PHOTO CREDIT: Norman Jean Roy

After college, Gerwig lived all over Brooklyn — East Williamsburg, Prospect Heights, deep Park Slope, or “Park Slide,” as she says fondly. She had odd jobs, including at the Box, the Lower East Side cabaret, and began working with Swanberg, whom she had met through a college boyfriend and who was making interesting movies that were unlike anything that had been done before, for almost no money.

Mumblecore was a big deal, for a small movement, in part for what it seemed to reveal about a certain slice of young, college-educated, mostly white people trying to figure out how they related to the world. It was hailed in the Times as something that “bespeaks a true 21st-century sensibility, reflective of MySpace-like social networks and the voyeurism and intimacy of YouTube. It also signals a paradigm shift in how movies are made and how they find an audience.”

Gerwig now physically cringes at the mere mention of the word mumblecore. “I just hate it,” she said. “It feels like a slight every time I hear it. Because of the improvisational quality of those movies, and the fact that everyone was nonprofessional, I have had a bit of an uphill battle just to say ‘I know how to act.’ I didn’t stumble into this. I wasn’t just a kid.” But she credits her roles in those films — Nights and Weekends, Hannah Takes the Stairs, Baghead — with helping teach her to write. “We called them ‘devised films,’ because we’d know the characters and what was supposed to happen in the scenes but not the words. It was a way of writing while I was acting.”

PHOTO CREDIT: Norman Jean Roy

It was also that set of films — which made a bigger splash in the indie-movie scene than in the culture at large — that put her on Baumbach’s radar. (He actually recommended her to his agent before the two had ever met.) When Baumbach cast her in 2010’s Greenberg, released when she was 26, it was her big break. Shortly after he divorced his wife, the actress Jennifer Jason Leigh (Gerwig had trained for the role, in part, by working as an assistant to Leigh’s mother), the two began their romance. Baumbach and Gerwig turned an email correspondence into a project: The duo co-wrote Frances Ha and Mistress America, both starring Gerwig and both markedly sweeter than anything Baumbach had worked on in the past. “I liked what she was writing so much that it made me work harder with my own to impress her,” Baumbach said.

This collaboration led to a spate of headlines referring to Gerwig not as a partner on the works but as their muse. “The actress Greta Gerwig has had the same liberating effect on Noah Baumbach as Diane Keaton had on Woody Allen: she has opened him up, lending his films a giddy sense of release,” went one typical summation in the Economist.
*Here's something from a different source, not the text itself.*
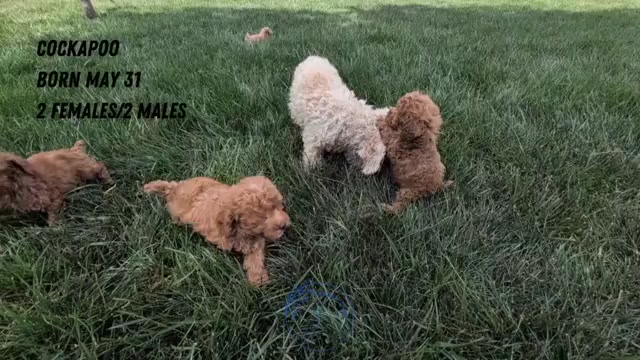 Video preview image #4 Cockapoo Puppy For Sale in GOSHEN, IN, USA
“I did not love being called a muse,” said Gerwig bluntly. “I didn’t want to be strident about it or say, ‘Hey, give me my due,’ but I did feel like I wasn’t a bystander. It was half-mine, and so that part was difficult. Also I knew secretly that I was engaged with this longer project, and wanted to be a writer and director in my own right, so I felt like the muse business, or whatever it was, was a position that I didn’t identify with in my heart. But I think one thing I learned early because of the group of movies that are called mumblecore” — she slowed down, a little archly, over the word, to acknowledge again her discomfort with it — “is not to attach too much to the moment you’re living through from a press perspective. I also had this sense of, Well, they’ll just eat their hat one day”.

I might wrap up with songs from Greta Gerwig’s films (ones she has written and/or directed). There are a few Barbie bits that I want to continue with. I will start with an interview that I sourced a couple of times when I was concentrating on Barbie and the buzz around it. Rolling Stone’s incredible interview takes us inside a box office-busting film that must rank alongside the best of the past decade. It is certainly one of the funniest and most important (and discussed/dissected) of the past decade or two:

Well before Barbie, Gerwig had one of the most fascinating careers in 21st-century Hollywood. First, she brought a new kind of daffy comedic naturalism to screen acting, from early mumblecore triumphs like Hannah Takes the Stairs to a string of brilliant collaborations with her partner, Noah Baumbach, including Greenberg, Frances Ha, and Mistress America. She co-wrote the last two movies before shifting gears to auteurdom in 2017, writing and directing the exquisite coming-of-age comedy Lady Bird, and 2019’s revisionist take on Little Women.

Barbie, which stars Margot Robbie and Ryan Gosling (and was co-written with Baumbach), is her biggest and most mainstream project. But she insists it doesn’t feel that way. “I’ve never been part of anything like this,” she says. “But in a funny way, it feels like the fundamentals are the same. Even though it is Barbie and it is an internationally known brand, the movie feels very personal. It feels just as intimate as Lady Bird or Little Women.”

PHOTO CREDIT: Ellen Fedors for Rolling Stone

I know you tend to resist autobiographical interpretations, but when Barbie says, “I don’t wanna be an idea anymore,” something about that really reminded me of your transition from a much-discussed actress to a writer-director.

You know what? It’s so funny. That did not occur to me at all. But now that you say it, of course! When you’re directing something, you have to be a bit stupid about yourself, or a little bit unconscious. And, yes, you’re totally right. And also, I had no idea. But that’s true. It’s completely true.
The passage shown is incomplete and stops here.